04-20-2014 09:23 PM
I would like to run a regression that includes about 2500 dummy variables (or fixed effects). The data set includes about 450,000 observations, and it is very sparse: most observations only have one or two effects "turned on" -- in other words, only about 0.05% of the design matrix are ones.
(Interestingly, when I created this matrix in SAS 9.4 on a Windows machine it created a file that was about 4.5GB. When I transferred it to Unix it turned into a 30MB file. I was surprised that whatever magic sauce SAS is using to store the sparse matrix on Unix it isn't using on Windows.)

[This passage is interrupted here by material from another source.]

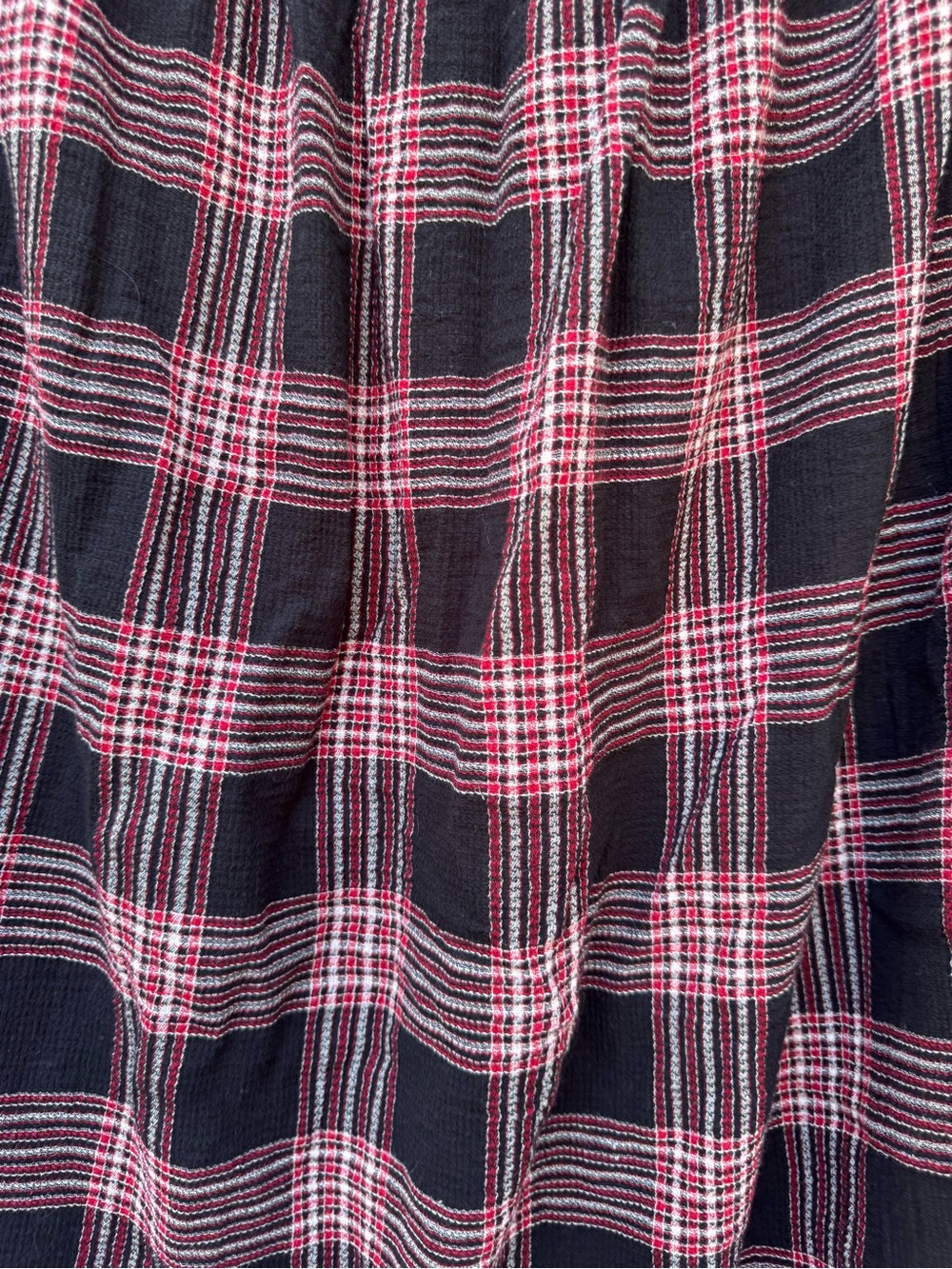 J. Jill Black & Pink Plaid Midi Skirt - Picture 4 of 7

I'm wondering what the best way to estimate a model like this. Here are some possibilities that I'm aware of, and I'm looking for guidance on what is likely to be the most efficient approach:
1) Use proc hpmixed. Given the sparse nature of the data this seemed like a good way to go. But I've been running this model for 11 hours and it hasn't finished yet. I'm wondering if perhaps I've implemented it wrong. My code is:
model r = size fid dummy1-dummy2500;
2) Use IML. I thought perhaps I could read in the sparse matrix to IML and use solvelin to estimate the coefficients.

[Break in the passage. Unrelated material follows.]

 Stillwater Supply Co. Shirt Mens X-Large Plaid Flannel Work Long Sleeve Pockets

Is one of these likely to be the best approach? Are there other procedures that would work well?
04-21-2014 12:07 AM
04-21-2014 09:45 AM
Thanks, but it seems that this is only about sparse matrices with text mining or Enterprise Miner tool. I haven't seen anything about use in a standard regression.
04-22-2014 09:44 AM
You should try HPREG procedure. This is designed specifically for high dimensional fixed-effects modeling. It is only found in the newer releases of sas.
04-23-2014 03:48 PM
I would go with the first inclination towards HPMIXED, which employs sparse matrix algorithms. I have not tried HPREG, but the documentation for yet another high performance proc (HPLMIXED) indicates that HPMIXED "is particularly suited for problems in which the [XZ]'[XZ] crossproducts matrix is sparse." And that sounds exactly like what is going on here. And while HPREG offers a lot of capability, it looks like it depends more on multithreading/parallel processing than on sparse matrix techniques.
My question is--dummy1 to dummy2500 seems difficult. Are these dummies the result of more easily defined class variables, such that you can use the class statement to "auto-populate" the levels? If not, and the data set is already prepped, I would go with your first inclination.